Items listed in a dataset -
Content starts
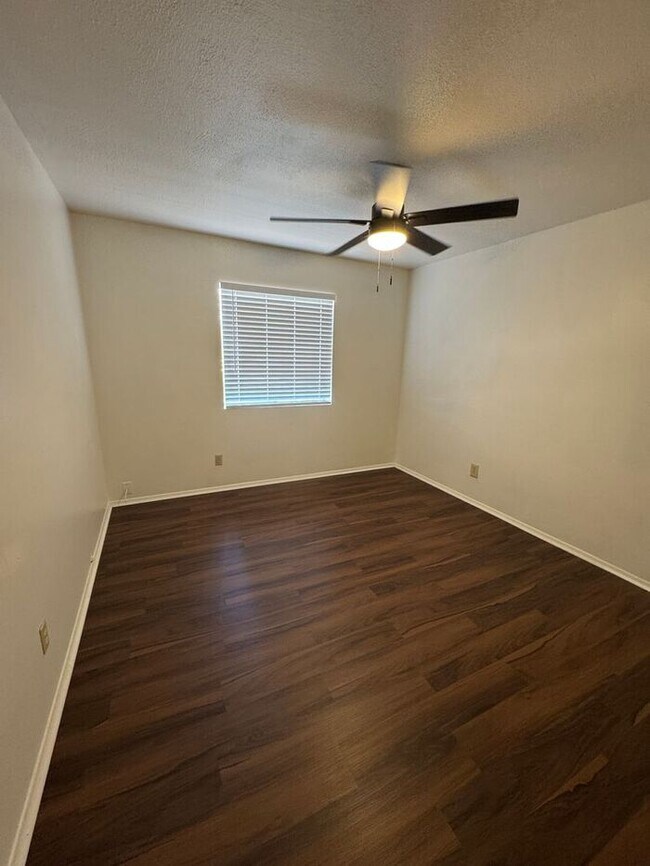 Building Photo - Charming 2 bedroom 1 bath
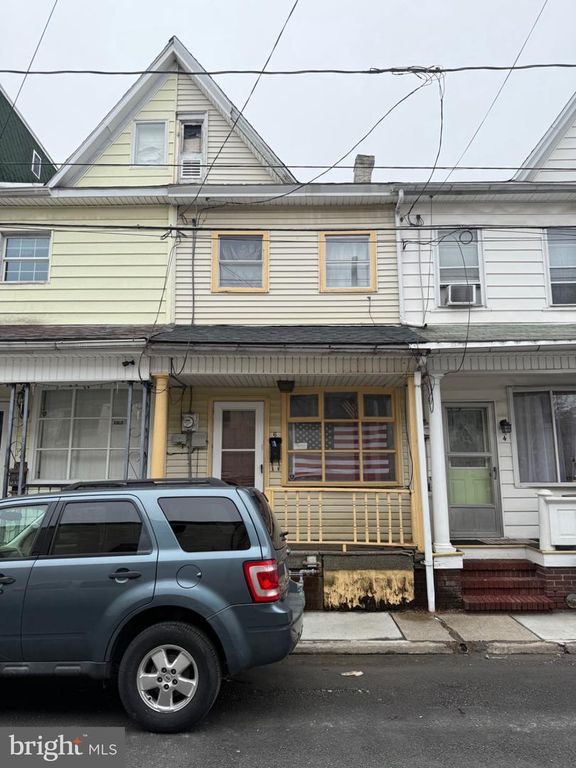 6 S FRANKLIN ST, Shamokin, PA 17872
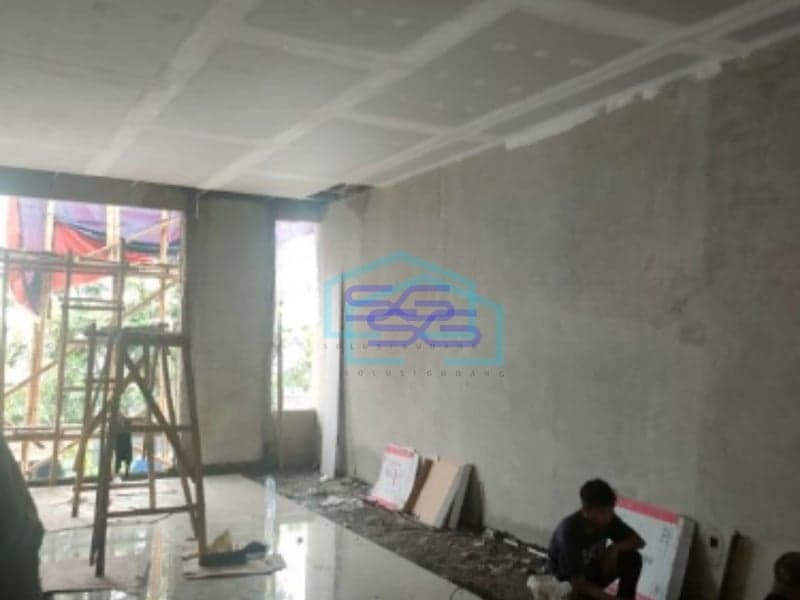 Di jual ruko baru mainroad holis Holis Cigondewah, Bandung Luas Bangunan  174 m²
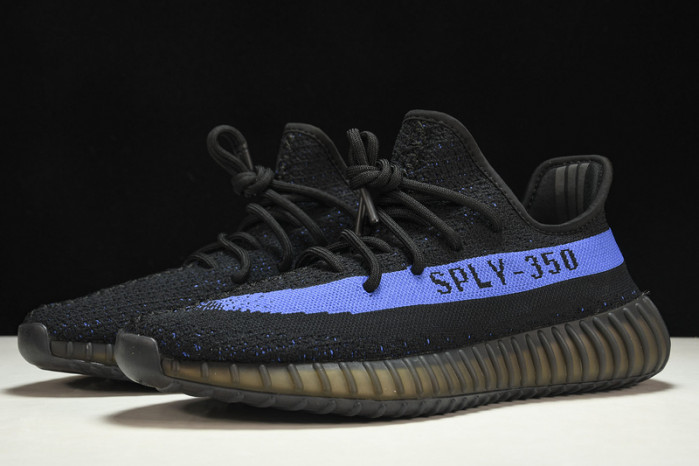 Y**zy boost 350 v2  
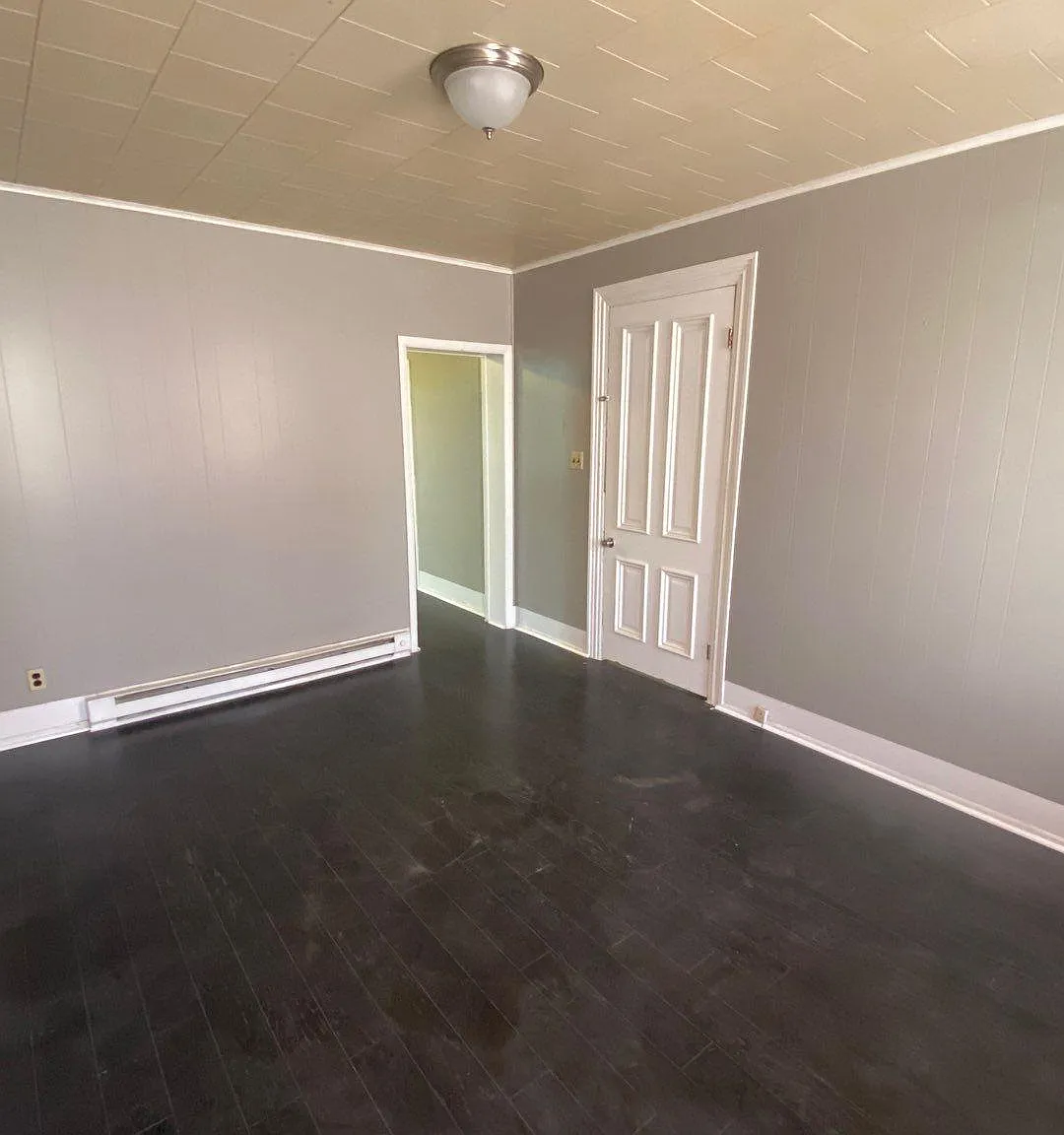 101 N George St — Photo 3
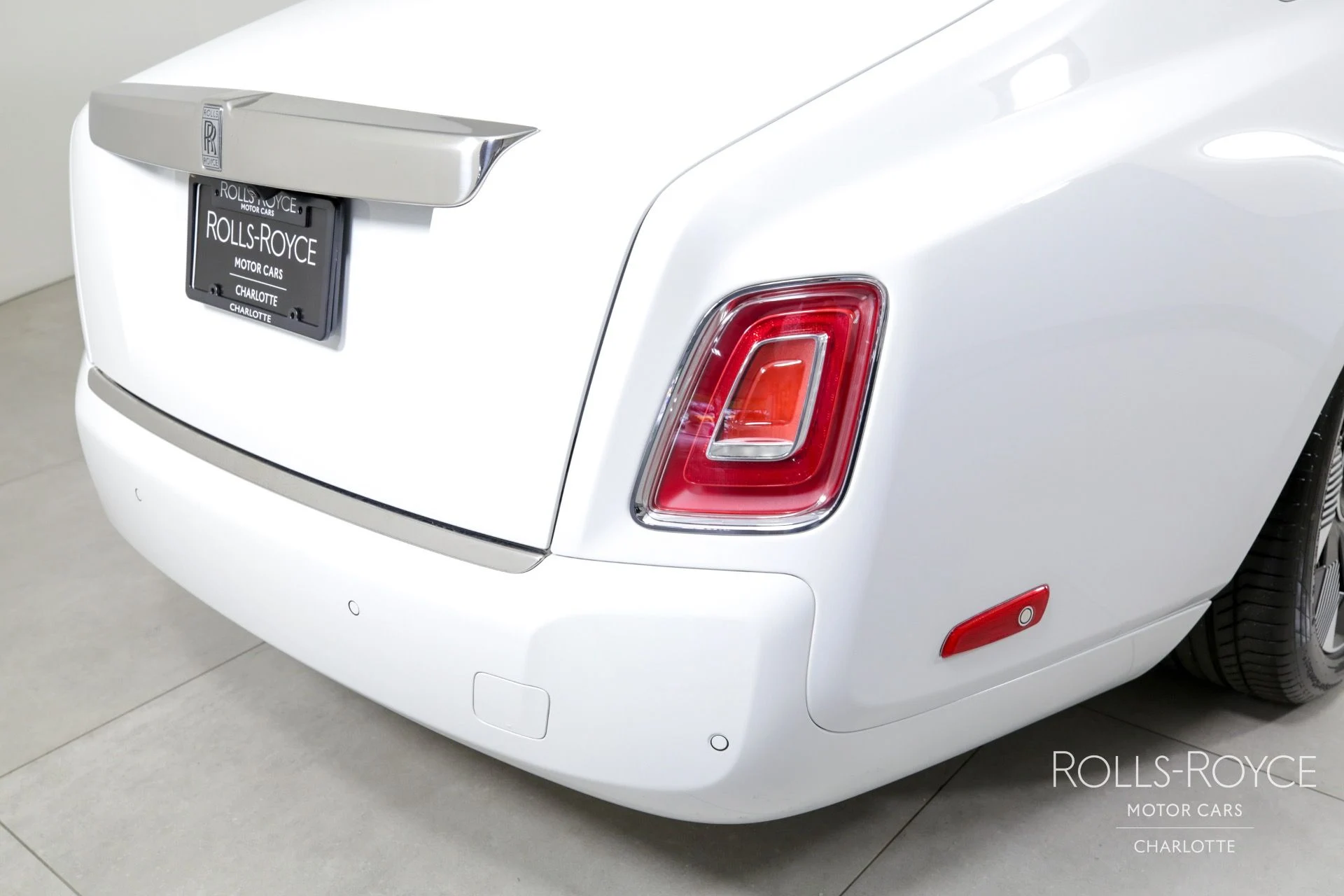 mph045_2497688732_Used_2023_Rolls_Royce_Phantom_1726254604_a54e270b6d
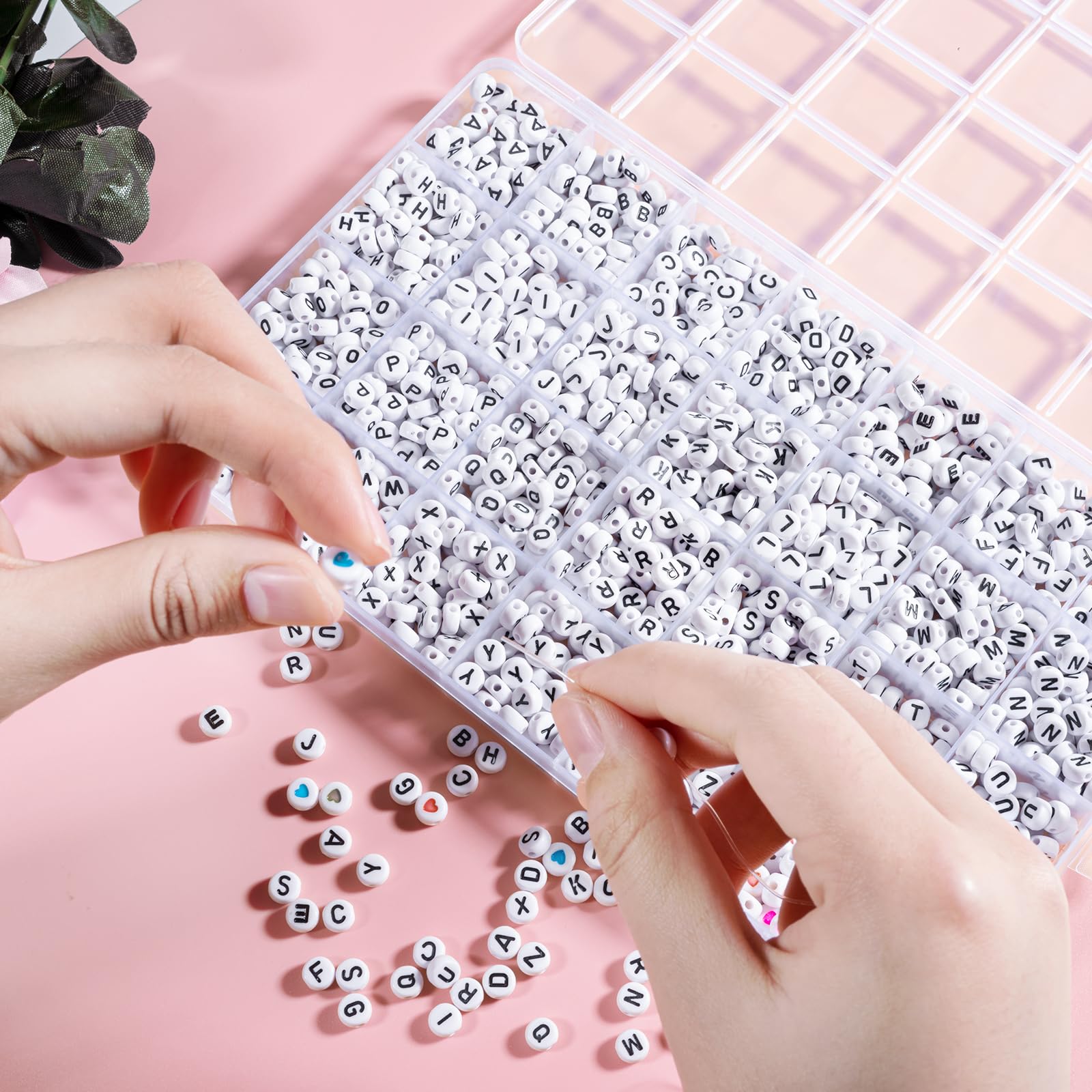 1400+ pezzi Set di perline di lettere per braccialetti, set di perline a forma di cuore colorate in bianco e nero con elastico da 5 m per braccialetti di amicizia per bambini,braccialetti per capelli
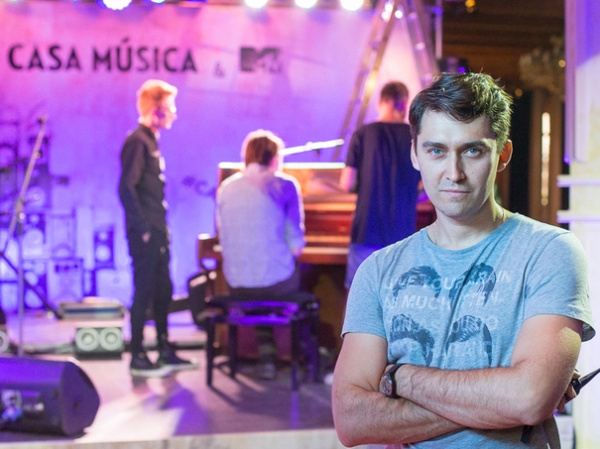Artem)Nuxhin.jpg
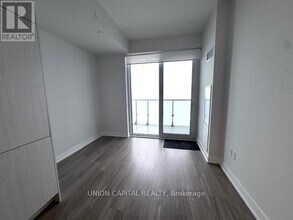 4130 Parkside Village Dr in Mississauga, ON - Building Photo - Building Photo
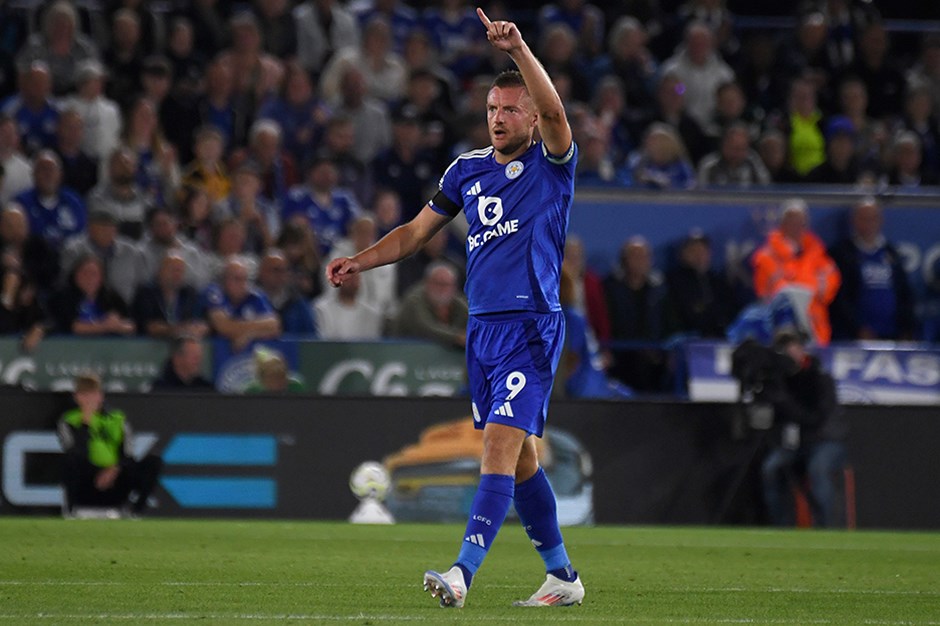 “Leicester”, “Tottenham”ı Vardy ile dayandırdı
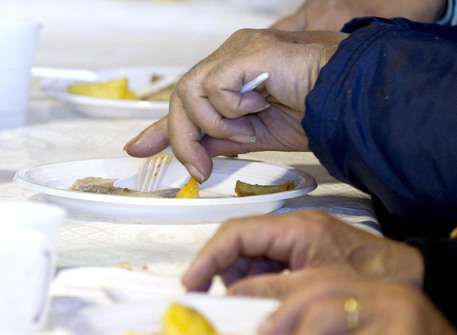 Redazione di Operai Contro, un gangster racconta la balla che stiamo uscendo dalla crisi. Chi non ci crede è un disfattista La povertà aumenta In Italia 9 milioni di persone non hanno soldi per sopravvivere Vi invio un articolo Uno studente “Oltre 9 milioni di italiani non ce la fanno e sono a rischio povertà: è sempre più estesa l’area di disagio sociale che non accenna a restringersi”. E’ quanto sostiene Unimpresa, secondo cui “da giugno 2014 a giugno 2015 altre 30mila persone sono entrate nel bacino dei deboli in Italia: complessivamente, adesso, si tratta di 9 milioni e […]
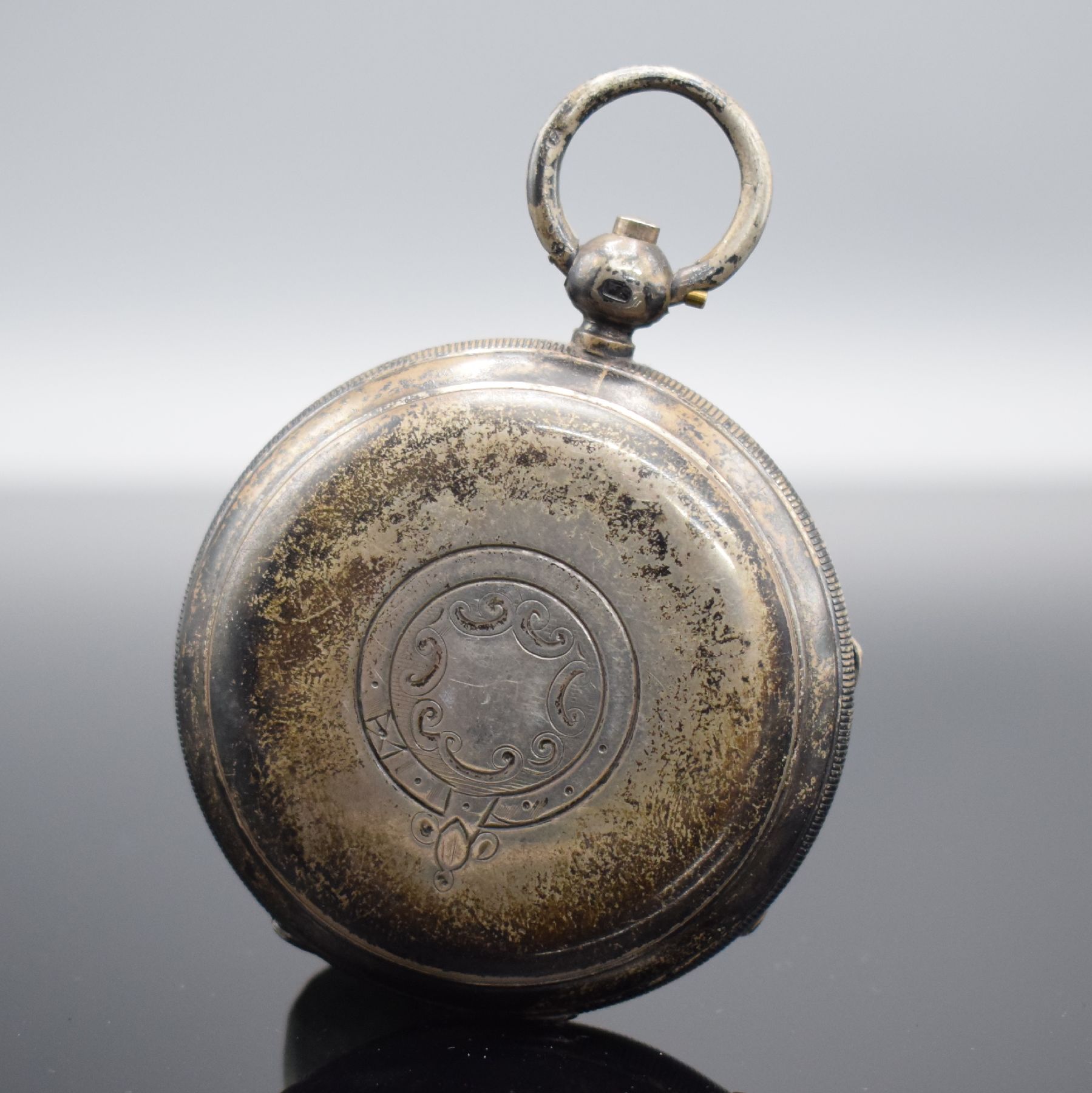 Detail h: 2 englische Taschenuhren in Silber, England um 1860 - 1890, 1.) Spindeltaschenuhr im dopp. Geh., Emailzifferbl. m. röm. Zahlen, verg. Werk m. Kette ...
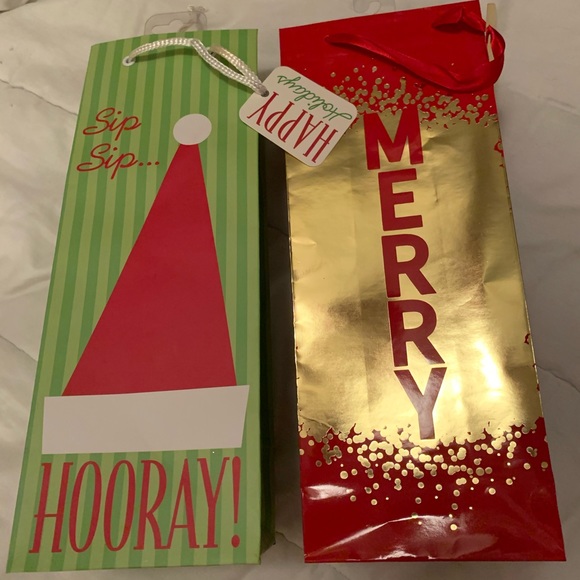 Set of 12 Christmas 🎄 Gift Bags for Wine 🍷 - Picture 2 of 8
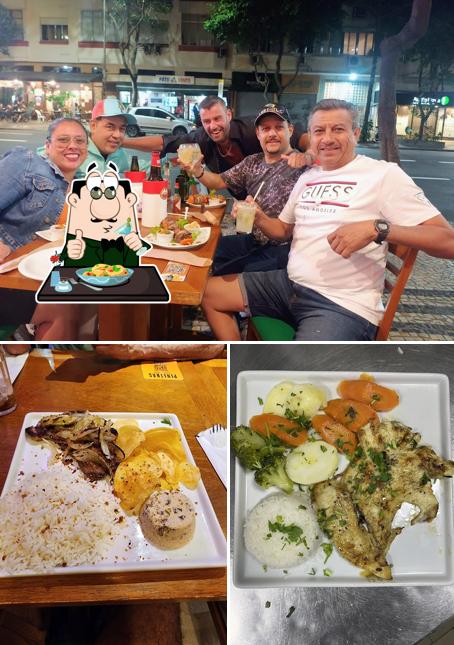 Costeletas de porco em PENETRAS BAR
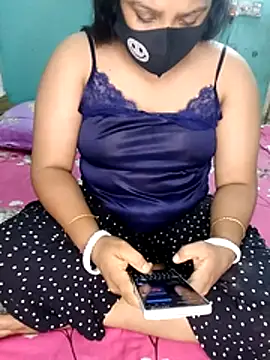 Snapshot of priya2098 chatting on 04/16/26, 06:09 priya2098 online show from 04/16/26, 06:09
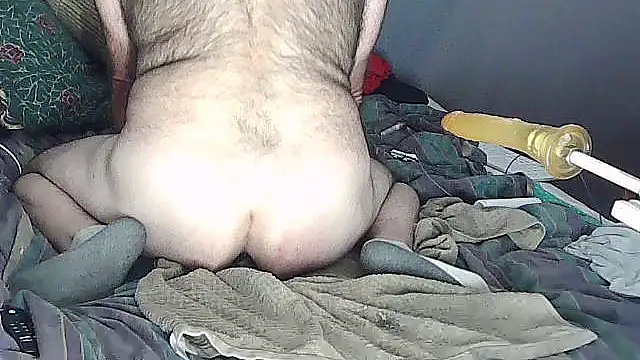 Snapshot of k-dong chatting on 10/20/25, 10:32 k-dong online show from 10/20/25, 10:32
Content ends
Work task - Print the records above exactly, minus pictures.

Task response -
 Building Photo - Charming 2 bedroom 1 bath
 6 S FRANKLIN ST, Shamokin, PA 17872
 Di jual ruko baru mainroad holis Holis Cigondewah, Bandung Luas Bangunan  174 m²
 Y**zy boost 350 v2  
 101 N George St — Photo 3
 mph045_2497688732_Used_2023_Rolls_Royce_Phantom_1726254604_a54e270b6d
 1400+ pezzi Set di perline di lettere per braccialetti, set di perline a forma di cuore colorate in bianco e nero con elastico da 5 m per braccialetti di amicizia per bambini,braccialetti per capelli
Artem)Nuxhin.jpg
 4130 Parkside Village Dr in Mississauga, ON - Building Photo - Building Photo
 “Leicester”, “Tottenham”ı Vardy ile dayandırdı
 Redazione di Operai Contro, un gangster racconta la balla che stiamo uscendo dalla crisi. Chi non ci crede è un disfattista La povertà aumenta In Italia 9 milioni di persone non hanno soldi per sopravvivere Vi invio un articolo Uno studente “Oltre 9 milioni di italiani non ce la fanno e sono a rischio povertà: è sempre più estesa l’area di disagio sociale che non accenna a restringersi”. E’ quanto sostiene Unimpresa, secondo cui “da giugno 2014 a giugno 2015 altre 30mila persone sono entrate nel bacino dei deboli in Italia: complessivamente, adesso, si tratta di 9 milioni e […]
 Detail h: 2 englische Taschenuhren in Silber, England um 1860 - 1890, 1.) Spindeltaschenuhr im dopp. Geh., Emailzifferbl. m. röm. Zahlen, verg. Werk m. Kette ...
 Set of 12 Christmas 🎄 Gift Bags for Wine 🍷 - Picture 2 of 8
 Costeletas de porco em PENETRAS BAR
 Snapshot of priya2098 chatting on 04/16/26, 06:09 priya2098 online show from 04/16/26, 06:09
 Snapshot of k-dong chatting on 10/20/25, 10:32 k-dong online show from 10/20/25, 10:32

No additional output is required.